Optional enrichments should be steps, not required complexity:
- Compute selection.
- Access setup.
- Optional persistent storage.
- Optional managed runtime.
- Review and create.
Post-Create Flow
Once the allocation is active, allocation detail should let the user manage:
- SSH access,
- attached storage,
- managed runtime bundle,
- launchable workload profiles,
- restart,
- metrics and health,
- activity and evidence.
Capacity And Placement Model
Users launch a compute outcome, not a raw host implementation. Underneath that, GPUaaS can realize the request as:
- a whole-node
baremetalallocation, or - a
gpu_sliceallocation backed by approved host-local slot bundles.
For product and operations, the important distinction is that the control plane chooses the placement outcome and the node/runtime layer executes it. The platform does not infer slice safety from a GPU count alone.
See GPU Slicing And Scheduler Layers for the control-plane versus node-plane model.
Runtime Journey
User Experience Rules
- Launch is a full-page wizard, not a modal.
- Compute comes first because it is the primary purchase/intent.
- Access comes early because users need to know how they will get in.
- Storage is optional but durable and should not be hidden under a single workload.
- Runtime is an overlay, not the base machine identity.
- Restart preserves storage intent, SSH access state, and managed runtime association.
- Collaboration uses each user's own public keys; the platform does not share private keys.

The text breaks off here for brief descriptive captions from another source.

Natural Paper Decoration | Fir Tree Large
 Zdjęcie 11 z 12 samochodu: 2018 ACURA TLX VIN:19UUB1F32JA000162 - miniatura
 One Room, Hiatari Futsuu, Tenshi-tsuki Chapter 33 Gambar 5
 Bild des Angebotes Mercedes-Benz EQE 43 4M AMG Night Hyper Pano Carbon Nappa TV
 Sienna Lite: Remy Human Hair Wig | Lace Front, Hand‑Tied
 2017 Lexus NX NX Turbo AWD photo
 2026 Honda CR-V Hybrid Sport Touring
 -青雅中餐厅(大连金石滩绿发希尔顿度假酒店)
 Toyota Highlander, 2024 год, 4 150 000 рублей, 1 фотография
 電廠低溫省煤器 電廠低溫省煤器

Implementation Implications
| Product requirement | Implementation implication |
|---|---|
| One launch submit | Frontend should not loop over per-node calls; use one idempotent submit path |
| Visible lifecycle | Task and allocation states must remain discoverable after submit |
| Durable data | Storage pages and allocation detail must cross-link attachments |
| Runtime overlays | Managed runtime state should be changeable after allocation creation where supported |
| Access grants | Project-member SSH access needs explicit grants and auditability |
| Release/restart safety | Destructive or disruptive actions require confirmation and visible recovery state |